Work instruction: Would you restate, exactly as they appear, the lines from the one containing "Guess PU zrnitý" through the end of the data below?

Data to use:
--------------------

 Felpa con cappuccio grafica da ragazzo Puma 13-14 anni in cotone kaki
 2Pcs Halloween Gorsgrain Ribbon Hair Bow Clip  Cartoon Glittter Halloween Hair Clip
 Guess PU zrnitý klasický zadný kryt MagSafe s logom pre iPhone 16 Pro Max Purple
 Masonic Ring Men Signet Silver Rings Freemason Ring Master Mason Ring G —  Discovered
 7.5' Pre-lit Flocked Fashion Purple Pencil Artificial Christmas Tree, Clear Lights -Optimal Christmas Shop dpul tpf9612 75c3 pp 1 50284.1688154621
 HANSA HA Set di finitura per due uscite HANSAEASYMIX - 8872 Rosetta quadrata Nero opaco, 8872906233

--------------------

Completed exercise:
 Guess PU zrnitý klasický zadný kryt MagSafe s logom pre iPhone 16 Pro Max Purple
 Masonic Ring Men Signet Silver Rings Freemason Ring Master Mason Ring G —  Discovered
 7.5' Pre-lit Flocked Fashion Purple Pencil Artificial Christmas Tree, Clear Lights -Optimal Christmas Shop dpul tpf9612 75c3 pp 1 50284.1688154621
 HANSA HA Set di finitura per due uscite HANSAEASYMIX - 8872 Rosetta quadrata Nero opaco, 8872906233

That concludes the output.